# Pond Balls



## 65nlovenit (Dec 8, 2006)

I recently posted an article about guys fishing for balls in the ponds. I was very interested in what if anything happens to a ball sitting in a pond for a week or so, would it become water logged, lose performance or we're we being fed a line by the guys retrieving them. Well here's some info you might find interesting:

Taylor Made Demands That Orlimar Cease and Desist Infringement of Moisture Block Patent; Unique Air Tight Golf Ball Sleeve Protects against Loss of Distance
Taylor Made's(R) exclusive sleeve design keeps the company's new InerGel golf balls factory-fresh by blocking atmospheric moisture that can diminish performance.

"Taylor Made has spent more than 10 years and millions of dollars developing a superior golf ball and ball packaging technology," said Erb. "We are pleased to see the concept validated by another company, but will certainly not stand idly by while our competitors trample on our intellectual property rights. We believe our patent is very clear in covering golf ball packaging that acts as a moisture barrier. The design is a breakthrough because our research shows that golf balls can lose up to six yards for every six months they sit on the shelf in ordinary packaging, due to moisture absorption from normal humidity in the air. Other golf ball manufacturers have claimed to have recognized the problem, but have failed to invent a solution to it."

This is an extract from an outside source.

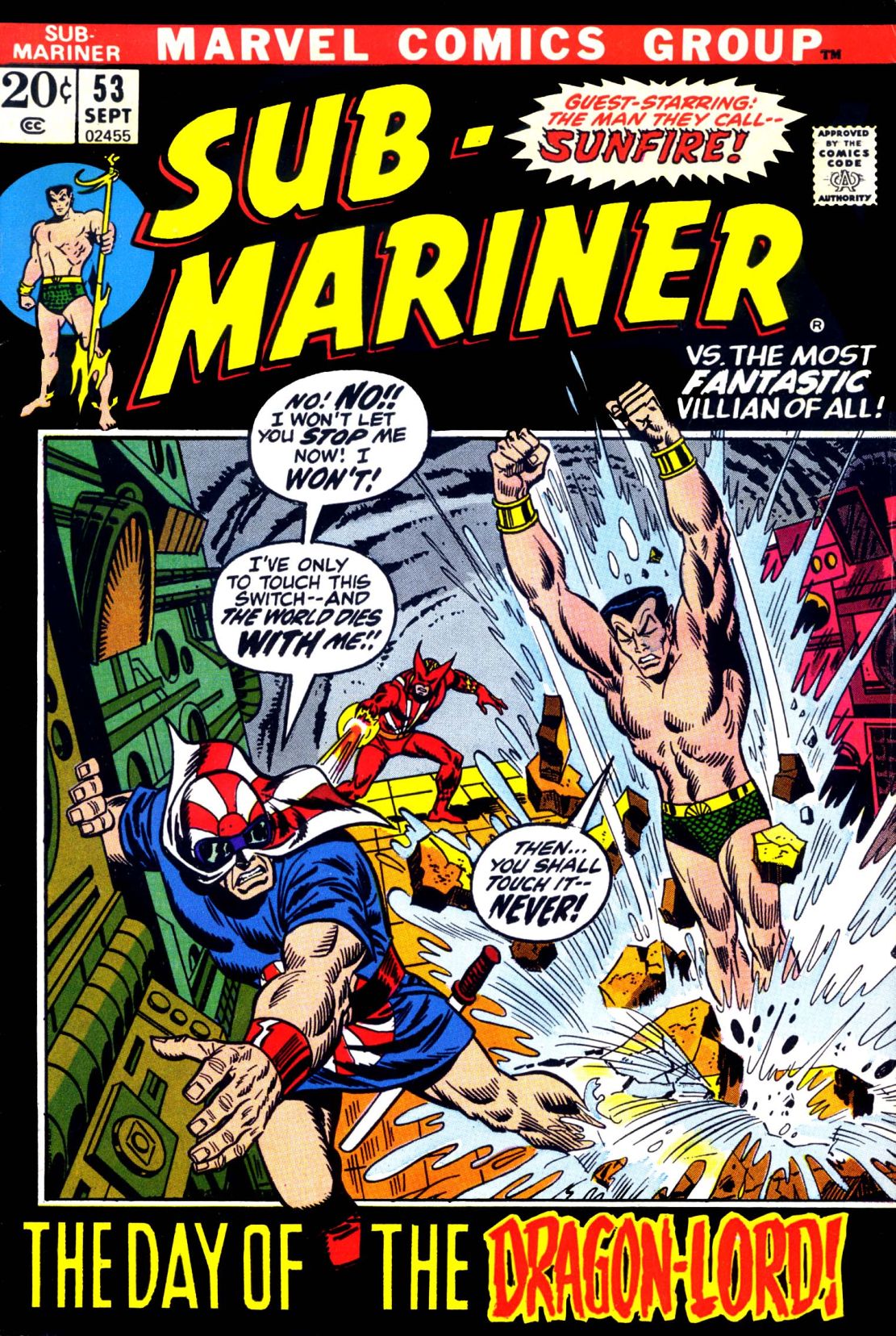 Read online The Sub-Mariner comic -  Issue #53 - 1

__________________________

Golf ball manufacturers have recently introduced a new type of two-piece golf ball for use by tour players. The new golf balls provide a softer feeling to the ball when struck with a club. Manufacturers have achieved this characteristic by lowering the core compression and softening the cover of the golf ball. Golf ball manufacturers have also recently developed a three-layer golf ball having an intermediate mantle between the core and the cover. The three-layer golf ball provides a softer feel to the golf ball while also providing maximum distance and durability. 

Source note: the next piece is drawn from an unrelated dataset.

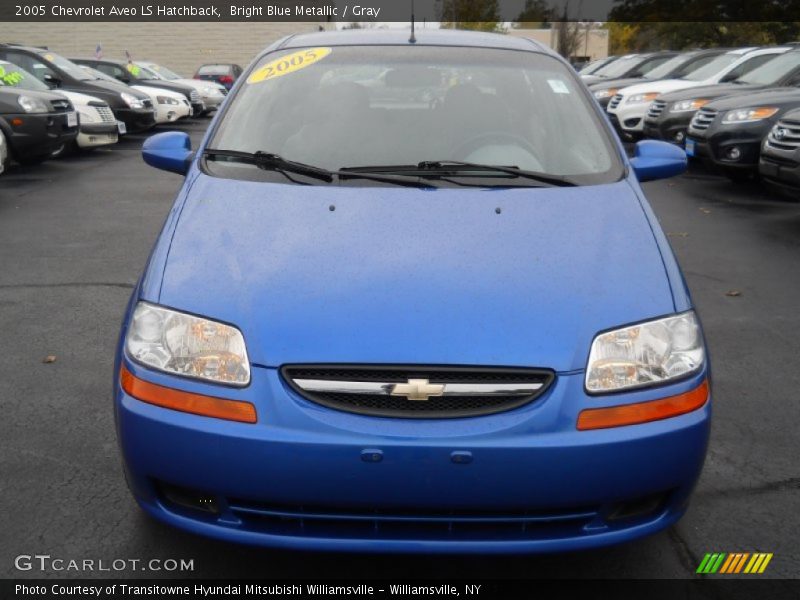 Bright Blue Metallic / Gray 2005 Chevrolet Aveo LS Hatchback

Unfortunately, multi-piece golf balls typically absorb moisture when they are subjected to prolonged storage under ambient conditions of temperature and humidity. A short period of moisture absorption can cause significant changes in the performance characteristics of the ball. Such moisture absorption may affect the weight of the ball, as well as the physical and mechanical characteristics of the various materials that make up the different pieces of the golf ball structure, including the cover, the core and the mantle.

One other characteristic that is affected by moisture absorption is the initial velocity of the golf ball. United States Golf Association (USGA) rules govern the allowable ranges of initial velocity values for golf balls. 

As described in U.S. Pat. No. 5,875,891, moisture has been shown to adversely affect the initial velocity of a ball over a very short period of time. According to this reference, "the initial velocity loss is approximately 2.5 ft/sec. over twelve months for golf balls having a soft cover, between 50 to 60 shore D, in an environment of 72° F. and 50% of relative humidity (RH). Such a initial velocity loss of 2.5 ft/sec. corresponds to a loss of distance of approximately 6 to 10 yards when the ball is struck with a driver. For a golf ball having a hard cover, between 68-72 shore D in the same conditions, the initial velocity loss over 12 months is approximately 0.5 ft/sec." 

The problem of moisture absorption is particularly acute for soft cover balls because the soft cover is more permeable to moisture than a hard cover, so the moisture reaches the core more easily. Because it is made of a highly hygroscopic material, the core absorbs this moisture, which degrades the desired properties of the core. The degradation in performance characteristics is generally accelerated when the ambient storage temperature becomes higher. For a soft cover ball at a temperature around 110° F. and 50% RH, a velocity loss of 2.5 ft/sec may occur in only a few weeks, as opposed to twelve months for a soft cover ball in an environment of 72° F. and 50% RH. During transportation of the golf ball from the manufacturing facility to a retail store, actual storage conditions are closer to these conditions. Consequently, soft cover balls may experience a large reduction in performance characteristics when being transported from the manufacturing facilities to the retail store. 

U.S. Pat. No. 5,875,891 discloses a packaging for golf balls that acts as a barrier inhibiting moisture absorption by a golf ball during storage. In one embodiment, the packaging includes a sealing member that defines an internal closed volume that is configured to receive golf ball(s). The sealing member preferably has a laminate structure that includes a moisture barrier layer, a sealing layer and a structural layer. According to the reference, "There is therefore a need for a packaging that may be used to store golf balls prior to first use and prevent the damage associated with difficult storage and shipping conditions, such as temperature and moisture. Such a packaging should sufficiently protect the golf ball to ensure the freshness of the golf ball and preserve the optimum properties of the golf ball prior to first use, while also preserving and protecting the structure of the ball. The packaging should be both capable of protecting single or multiple golf balls and retaining the physical and mechanical properties of the ball, such as the initial velocity value, until the packaging is opened." The reference purports to satisfy these needs. U.S. Pat. No. 5,875,981 at col. 3 lines 49-65.

I guess I'm gonna use up all the "Experienced Balls" I've collected over the years, it still gets expensive considering the number I lose in a year. But I think I'll use my newbie's when I'm playing head to head or scrambles.


----------



## Fourputt (Nov 18, 2006)

I guess I'm glad I live in Colorado. The humidity here rarely gets above 35%, so balls should last for years.  

I've fished balls from ponds before, and never noticed any performance issues with them, but I never did a quantitative analysis either. And I don't usually play them the same day anyway. A "recycled" ball may sit in my bag for weeks before I put it in play, and then it's generally a casual round. I don't keep them if they're discolored or otherwise look like the've been in the water for a long time.


----------